# The task
What is needed is an exact copy of all the entries.

Data extracts: Begin

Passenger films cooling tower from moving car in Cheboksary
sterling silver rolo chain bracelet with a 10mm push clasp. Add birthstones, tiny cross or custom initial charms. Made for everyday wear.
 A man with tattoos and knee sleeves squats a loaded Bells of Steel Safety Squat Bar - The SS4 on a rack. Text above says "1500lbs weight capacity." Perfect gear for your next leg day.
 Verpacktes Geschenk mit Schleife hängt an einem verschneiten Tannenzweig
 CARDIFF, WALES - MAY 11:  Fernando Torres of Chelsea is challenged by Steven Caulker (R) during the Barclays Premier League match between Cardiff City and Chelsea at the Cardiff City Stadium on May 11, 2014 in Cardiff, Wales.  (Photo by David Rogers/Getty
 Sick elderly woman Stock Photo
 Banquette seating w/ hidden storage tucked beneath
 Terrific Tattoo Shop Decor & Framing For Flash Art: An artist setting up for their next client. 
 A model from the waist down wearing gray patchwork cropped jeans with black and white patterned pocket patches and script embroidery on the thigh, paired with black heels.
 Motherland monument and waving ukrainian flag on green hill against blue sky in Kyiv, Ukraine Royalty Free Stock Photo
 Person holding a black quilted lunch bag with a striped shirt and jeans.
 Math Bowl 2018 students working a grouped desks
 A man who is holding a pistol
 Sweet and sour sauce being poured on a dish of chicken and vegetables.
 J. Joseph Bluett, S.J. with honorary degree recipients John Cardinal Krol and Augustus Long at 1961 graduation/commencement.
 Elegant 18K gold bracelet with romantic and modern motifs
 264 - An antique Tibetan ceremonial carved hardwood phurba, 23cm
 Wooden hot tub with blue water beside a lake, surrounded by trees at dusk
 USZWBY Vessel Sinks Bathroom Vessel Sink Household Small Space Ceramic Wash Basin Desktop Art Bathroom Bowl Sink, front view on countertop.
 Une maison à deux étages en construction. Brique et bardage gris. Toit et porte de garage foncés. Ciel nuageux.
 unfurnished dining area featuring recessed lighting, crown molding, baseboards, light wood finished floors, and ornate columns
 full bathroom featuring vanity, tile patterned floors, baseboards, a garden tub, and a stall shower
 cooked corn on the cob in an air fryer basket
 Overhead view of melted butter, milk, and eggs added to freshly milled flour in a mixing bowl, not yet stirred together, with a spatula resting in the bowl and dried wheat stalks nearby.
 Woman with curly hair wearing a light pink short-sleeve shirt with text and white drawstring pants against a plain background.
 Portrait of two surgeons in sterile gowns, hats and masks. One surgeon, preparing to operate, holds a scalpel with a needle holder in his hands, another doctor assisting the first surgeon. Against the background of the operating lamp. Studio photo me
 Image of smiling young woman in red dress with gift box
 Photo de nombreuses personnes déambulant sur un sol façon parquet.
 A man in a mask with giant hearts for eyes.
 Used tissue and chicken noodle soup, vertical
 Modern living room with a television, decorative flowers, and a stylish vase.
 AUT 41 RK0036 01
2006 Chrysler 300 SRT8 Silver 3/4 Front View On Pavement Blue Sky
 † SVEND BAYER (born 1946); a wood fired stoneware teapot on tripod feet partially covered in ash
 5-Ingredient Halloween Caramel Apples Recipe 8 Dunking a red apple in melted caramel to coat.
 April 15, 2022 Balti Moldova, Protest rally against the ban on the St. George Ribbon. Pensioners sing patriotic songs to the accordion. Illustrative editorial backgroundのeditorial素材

Data extracts: End

# Answer to the exercise
Passenger films cooling tower from moving car in Cheboksary
sterling silver rolo chain bracelet with a 10mm push clasp. Add birthstones, tiny cross or custom initial charms. Made for everyday wear.
 A man with tattoos and knee sleeves squats a loaded Bells of Steel Safety Squat Bar - The SS4 on a rack. Text above says "1500lbs weight capacity." Perfect gear for your next leg day.
 Verpacktes Geschenk mit Schleife hängt an einem verschneiten Tannenzweig
 CARDIFF, WALES - MAY 11:  Fernando Torres of Chelsea is challenged by Steven Caulker (R) during the Barclays Premier League match between Cardiff City and Chelsea at the Cardiff City Stadium on May 11, 2014 in Cardiff, Wales.  (Photo by David Rogers/Getty
 Sick elderly woman Stock Photo
 Banquette seating w/ hidden storage tucked beneath
 Terrific Tattoo Shop Decor & Framing For Flash Art: An artist setting up for their next client. 
 A model from the waist down wearing gray patchwork cropped jeans with black and white patterned pocket patches and script embroidery on the thigh, paired with black heels.
 Motherland monument and waving ukrainian flag on green hill against blue sky in Kyiv, Ukraine Royalty Free Stock Photo
 Person holding a black quilted lunch bag with a striped shirt and jeans.
 Math Bowl 2018 students working a grouped desks
 A man who is holding a pistol
 Sweet and sour sauce being poured on a dish of chicken and vegetables.
 J. Joseph Bluett, S.J. with honorary degree recipients John Cardinal Krol and Augustus Long at 1961 graduation/commencement.
 Elegant 18K gold bracelet with romantic and modern motifs
 264 - An antique Tibetan ceremonial carved hardwood phurba, 23cm
 Wooden hot tub with blue water beside a lake, surrounded by trees at dusk
 USZWBY Vessel Sinks Bathroom Vessel Sink Household Small Space Ceramic Wash Basin Desktop Art Bathroom Bowl Sink, front view on countertop.
 Une maison à deux étages en construction. Brique et bardage gris. Toit et porte de garage foncés. Ciel nuageux.
 unfurnished dining area featuring recessed lighting, crown molding, baseboards, light wood finished floors, and ornate columns
 full bathroom featuring vanity, tile patterned floors, baseboards, a garden tub, and a stall shower
 cooked corn on the cob in an air fryer basket
 Overhead view of melted butter, milk, and eggs added to freshly milled flour in a mixing bowl, not yet stirred together, with a spatula resting in the bowl and dried wheat stalks nearby.
 Woman with curly hair wearing a light pink short-sleeve shirt with text and white drawstring pants against a plain background.
 Portrait of two surgeons in sterile gowns, hats and masks. One surgeon, preparing to operate, holds a scalpel with a needle holder in his hands, another doctor assisting the first surgeon. Against the background of the operating lamp. Studio photo me
 Image of smiling young woman in red dress with gift box
 Photo de nombreuses personnes déambulant sur un sol façon parquet.
 A man in a mask with giant hearts for eyes.
 Used tissue and chicken noodle soup, vertical
 Modern living room with a television, decorative flowers, and a stylish vase.
 AUT 41 RK0036 01
2006 Chrysler 300 SRT8 Silver 3/4 Front View On Pavement Blue Sky
 † SVEND BAYER (born 1946); a wood fired stoneware teapot on tripod feet partially covered in ash
 5-Ingredient Halloween Caramel Apples Recipe 8 Dunking a red apple in melted caramel to coat.
 April 15, 2022 Balti Moldova, Protest rally against the ban on the St. George Ribbon. Pensioners sing patriotic songs to the accordion. Illustrative editorial backgroundのeditorial素材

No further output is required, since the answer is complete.